Actually, it’s even crazier than this: because what is true for the electron actually is true for the marble in the bowl. The marble could end up in bowl 2, if you could give it enough time. But the probability of this happening is extremely extremely extremely small… so small that if you waited billions of years, or even billions of billions of billions of years, that still wouldn’t be enough.  For all practical purposes, it will “never” happen.

The point is that our world is a quantum world, and all objects are made from elementary particles and are subject to the rules of quantum physics. Quantum jitter is ever-present. But for most objects that have a lot of mass compared to an elementary particle — a marble, for instance, or even a typical speck of dust — this quantum jitter is too small to observe, except in very specially designed experiments. And the consequent ability to tunnel through walls is also, therefore, never seen in ordinary daily life.

To say it another way: any object can tunnel through a “wall”, but the probability for it to do so typically goes down very rapidly if

  • the object has a large mass
  • the wall is thick (i.e. there is a long distance between its two sides)
  • the wall is hard to penetrate (i.e. to punch through the wall in the usual way would require a lot of energy.)

For a marble to penetrate the lip of a bowl is possible in principle, but in practice might as well be impossible.

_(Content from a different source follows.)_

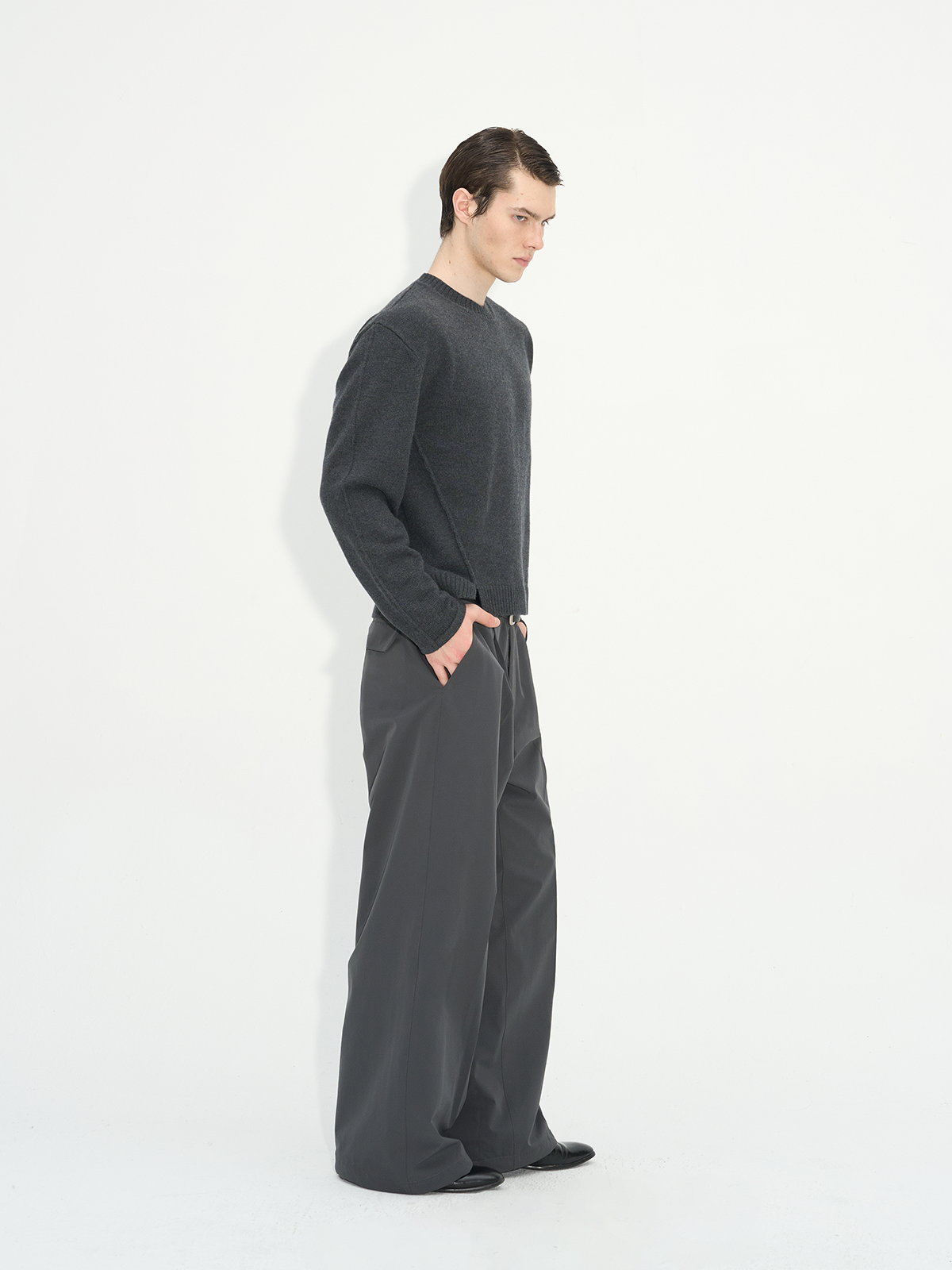 Fleece Lined Hard Shell Waterproof Pants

For an electron to escape from one trap to another may be easy, if the traps are close together and the traps are not very deep, but it may be very difficult, if the traps are far apart or the traps are very deep.”

WHY TUNNELING IS PHILOSOPHICALLY IMPORTANT:

Knowing about such things as the preceding, and knowing as they fit with different appearances, and knowing how we found them out, is what makes our wisdom different from that of the Ancients.

Not just a different knowledge basis, but also a different meta-knowledge basis (how we established that knowledge).

Just as drastically, recent bits of science provide us with new models for thinking in general.

For example, tunneling implies that there are no absolute separations, and that, instead, interpenetration makes the real world hold together well.

That’s why students of philosophy that have learned nothing new in the last few centuries, ought not to be taken too seriously. Even on poetry, tunneling ought to have an impact.

Tunnel Effect: if you want to be real, you have to dig it.